What to work on
Below are entries. Reproduce exactly the lines between the line holding "Jan 16, 2016;" and the line holding "Vintage binoculars with", inclusive, and only those.
Records for this task Start Marker
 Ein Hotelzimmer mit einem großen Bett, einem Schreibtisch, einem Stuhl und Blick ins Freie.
Records for this task End Marker
Records for this task Start Marker
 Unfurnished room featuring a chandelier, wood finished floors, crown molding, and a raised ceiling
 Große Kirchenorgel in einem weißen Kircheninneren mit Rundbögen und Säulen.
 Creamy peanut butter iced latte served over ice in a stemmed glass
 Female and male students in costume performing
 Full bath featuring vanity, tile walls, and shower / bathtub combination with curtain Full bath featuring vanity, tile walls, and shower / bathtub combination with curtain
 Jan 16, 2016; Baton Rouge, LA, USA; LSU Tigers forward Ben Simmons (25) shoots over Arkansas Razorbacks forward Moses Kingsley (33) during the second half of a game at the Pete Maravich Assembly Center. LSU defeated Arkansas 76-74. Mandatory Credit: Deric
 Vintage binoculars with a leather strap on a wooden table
Records for this task End Marker
Reply to the exercise
 Jan 16, 2016; Baton Rouge, LA, USA; LSU Tigers forward Ben Simmons (25) shoots over Arkansas Razorbacks forward Moses Kingsley (33) during the second half of a game at the Pete Maravich Assembly Center. LSU defeated Arkansas 76-74. Mandatory Credit: Deric
 Vintage binoculars with a leather strap on a wooden table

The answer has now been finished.